The provision of the Constitution supposed to have been violated by the Legislature in adopting section 8003 into the Code is that found in section 168, "Justices of the peace, and the inferior courts in this section provided for, shall have jurisdiction in all civil cases where the amount in controversy does not exceed one hundred dollars, except in cases of libel, slander, assault and battery, and ejectment." (Italics supplied.)

It is too clear to permit of argument that the statute does not undertake to confer jurisdiction on justices of the peaceto try ejectment. As before stated, section 8012 provides that in an action of unlawful detainer *Page 318 the "merits of the title cannot be inquired into."

It is equally as clear that the evidence offered was not offered for the purpose of inquiring into the title, but for the limited purpose of showing the relation between the parties, that the defendant was a tenant at sufferance, and that his possessory right had terminated, and as a basis for the estoppel that prevents defendant, as well as the plaintiff, from inquiring into the merits of the title in the action of unlawful detainer.
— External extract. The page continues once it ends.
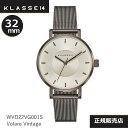 KLASSE14 腕時計 クラス14　Klasse14 腕時計　WVO22VG001S 32mm Volare Vintage【正規輸入品】 【楽ギフ_包装】【楽ギフ_のし】【楽ギフ_のし宛書】※ユニセックス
There is nothing in the Constitution that inhibits the Legislature from authorizing proof before a justice of the peace, in such action, that the defendant's right to possession has terminated. This the plaintiff must do in the action of unlawful detainer if he would succeed. Patterson v. Folmar, supra, Farley v. Bay Shell Road Co.,125 Ala. 184, 27 So. 770; Dent v. Stovall et al., 200 Ala. 193,75 So. 941; Bailey v. Blacksher Co., 142 Ala. 254, 37 So. 827; Barefoot v. Wall, 108 Ala. 327, 18 So. 823.

A written lease might be evidence of title, in a proper case, still it would be admissible in an action of unlawful detainer to show the relation of landlord and tenant. Patterson v. Folmar, 125 Ala. 130, 28 So. 450.

The doctrine of estoppel does not operate merely on title, but it operates to foreclose inquiry as to the relation under which the tenant holds as well. Beck v. Glenn, 69 Ala. 121; Howard v. Jones, 123 Ala. 488, 26 So. 129.

If the mortgagor in possession after foreclosure is a tenant at will or by sufferance, he is the tenant of the mortgagee-purchaser, and so long as he remains in possession as such tenant he cannot dispute the title of the landlord as a defense to unlawful detainer. If he would do this, he must proceed under sections 8024-8026, and remove the case for trial to the circuit court.

This interpretation of the statutes affords to the landlord a speedy remedy to oust one who is without right, and at the same time protects the defendant and gives him a remedy by which he may protect his possession and test the plaintiff's title in a court of competent jurisdiction. If this is not the very essence of due process of law, I have misconceived the force and meaning of these terms.

It certainly requires a strained application of the Constitution to say that the Legislature may authorize a recovery in unlawful detainer against a tenant by contract who has some color of right, and deny to it the power to authorize the action against a tenant at sufferance who has possession merely without right or color of right. This to my mind is a serious and an unwarranted restriction on the power of the legislature.

SAYRE and THOMAS, JJ., concur in the foregoing dissent.